Koniec wakacji, a więc koniec euforii, wracamy do szarych dni, dzieci idą do szkoły, autobusy szkolne zapychają ulice, łatwiej o wypadek, więcej nerwowości.
Pora więc zobaczyć, jak to wygląda pod kątem ubezpieczenia motoryzacyjnego.
Cytuję tutaj za „Toronto”. Sun Deb Arnold z Sound Insurance Services Inc. podaje 8 najbardziej powszechnych powodów, dla których możemy być skazani na niemiłą niespodziankę. Jaką niespodziankę? No taką, że ubezpieczenie nie wypłaci świadczenia za wypadek.
Pierwszą rzeczą jest jazda pod wpływem alkoholu lub narkotyków. Jeśli spowodujemy wypadek po pijanemu, Liability and Accident Benefits wciąż zadziałają, ale ubezpieczalnia nie pokryje kosztów naprawy ani ewentualnego zastąpienia nowym naszego własnego samochodu. I nie trzeba być nawet skazanym za spowodowanie wypadku po pijanemu, wystarczy, że jesteśmy o to oskarżeni. Nasze roszczenia zostaną odrzucone.
Druga rzecz, zezwolenie kierowcy, który nie posiada właściwych uprawnień do prowadzenia samochodu, aby zasiadł za naszym kółkiem. Jeśli okaże się, że jego prawo jazdy jest nieważne albo jechał po pijanemu, nie będziemy mogli nawet zgłosić roszczenia, zaś wszystkie wypadki, które spowodował, obciążą nasze własne konto.
Kolejna sprawa to zezwolenie kierowcy, który nie jest zgłoszony ubezpieczalni, na prowadzenie naszego samochodu; możliwe, że firma nam wypłaci, ale dokona reewaluacji polisy i prawdopodobnie ją skasuje. Prosto mówiąc, ubezpieczenie obejmuje tylko tych kierowców, którzy są zgłoszeni jako kierujący naszym samochodem. Jeśli więc nie zgłosimy, że każdego weekendu ktoś inny prowadzi albo że regularnie używa naszego samochodu nowy członek gospodarstwa domowego, możemy być w kłopocie.

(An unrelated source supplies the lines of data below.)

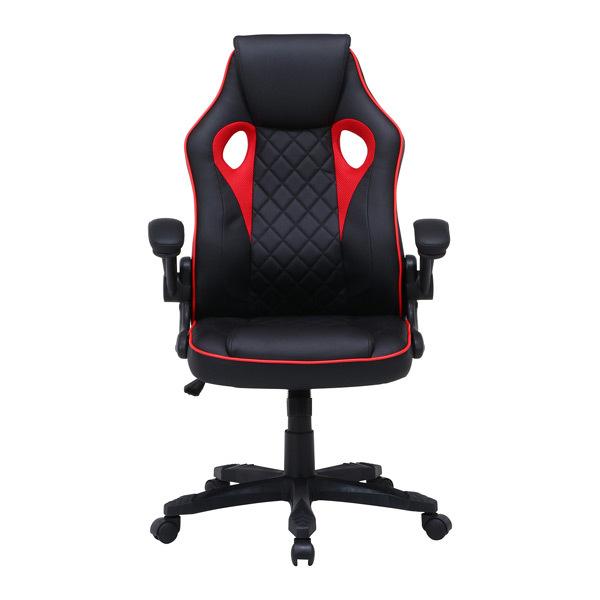 ゲーミングチェア シグナル レッド 15506 ブルー 15508 グレー 15507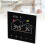 Intelligentes WiFi-Farb-Touchscreen-Thermostat, 7-Tage Programmierung, LCD-Display 9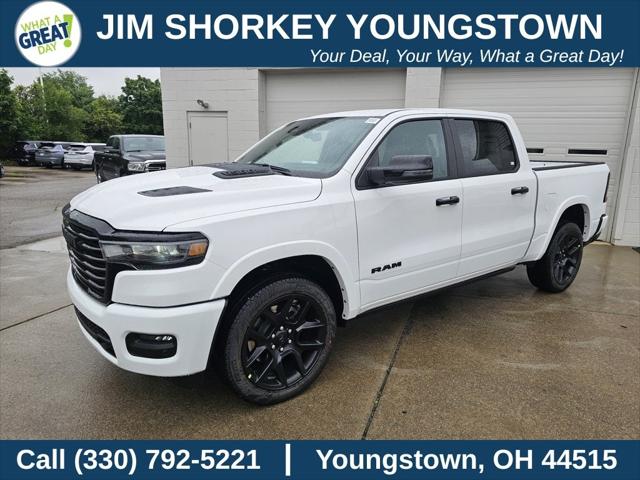2025 RAM Ram 1500 RAM 1500 LARAMIE CREW CAB 4X4 57 BOX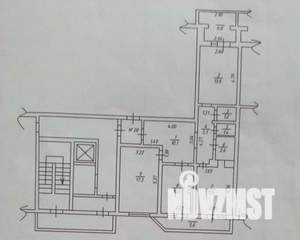 3-к квартира, вторичка, 73м2, 7/10 этаж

Kolejna rzecz; marzyło nam się dorobić samochodem, zapisaliśmy auto do Ubera albo Liftu. Większość firm ubezpieczeniowych oferuje stosowne ubezpieczenia i nasz samochód będzie dobrze ubezpieczony, oczywiście kosztuje to nieco więcej. Jednak jeśli tego nie zrobimy, a kilka godzin tygodniowo będziemy jeździć dla Ubera, no to powinniśmy się liczyć z odmową wypłaty świadczeń.
I następna sprawa, niezgłoszone komercyjne użycie naszego samochodu. Jeżeli mówimy ubezpieczalni, że samochód jest do naszego prywatnego użytku, a na przykład pracujemy jako kurier, dostarczamy pizzę, kwiaty, jeździmy na kontrakty, to wszystko jest biznes i ubezpieczalni może się to nie spodobać.

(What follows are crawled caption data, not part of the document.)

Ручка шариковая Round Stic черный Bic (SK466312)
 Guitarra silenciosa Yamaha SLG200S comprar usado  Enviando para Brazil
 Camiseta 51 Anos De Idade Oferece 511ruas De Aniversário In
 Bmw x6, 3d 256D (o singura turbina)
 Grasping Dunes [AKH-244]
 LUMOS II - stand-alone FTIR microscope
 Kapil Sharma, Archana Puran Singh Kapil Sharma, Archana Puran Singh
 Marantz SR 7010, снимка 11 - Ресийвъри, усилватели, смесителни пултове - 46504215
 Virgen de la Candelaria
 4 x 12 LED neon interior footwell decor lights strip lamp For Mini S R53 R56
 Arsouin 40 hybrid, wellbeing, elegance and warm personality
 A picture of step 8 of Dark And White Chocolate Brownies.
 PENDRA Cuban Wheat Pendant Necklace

Wielu z nas wydaje się, że jeśli córka mieszka w Yellowknife, to możemy ubezpieczyć tam nasz samochód na jej adres, a jeździć w Ontario. Zapłacimy wówczas rocznie 10 proc. tego co tutaj. Pokusa jest więc duża, jeśli jednak ubezpieczenie wykaże nam, że to zrobiliśmy w celu oszustwa, może odmówić wypłacenia odszkodowania.
Rzecz błaha, opony zimowe, jeżeli zmieniamy na zimę opony i z tego tytułu dostajemy niewielki upust przy ubezpieczeniu, a tego nie robimy, to oszukując, narażamy się na ryzyko odmowy wypłacenia odszkodowania
Inne małe oszustwo to zarejestrowanie samochodu pod jakimś nazwiskiem na kogo innego i nieujawnienie, kto rzeczywiście prowadzi. Ludzie, którzy mają zły rekord prawa jazdy, zrobią wszystko, żeby zapłacić niższe składki, ale w przypadku kolizji nasze ubezpieczenie może się okazać nieważne z powodu nieujawnienia tego faktu.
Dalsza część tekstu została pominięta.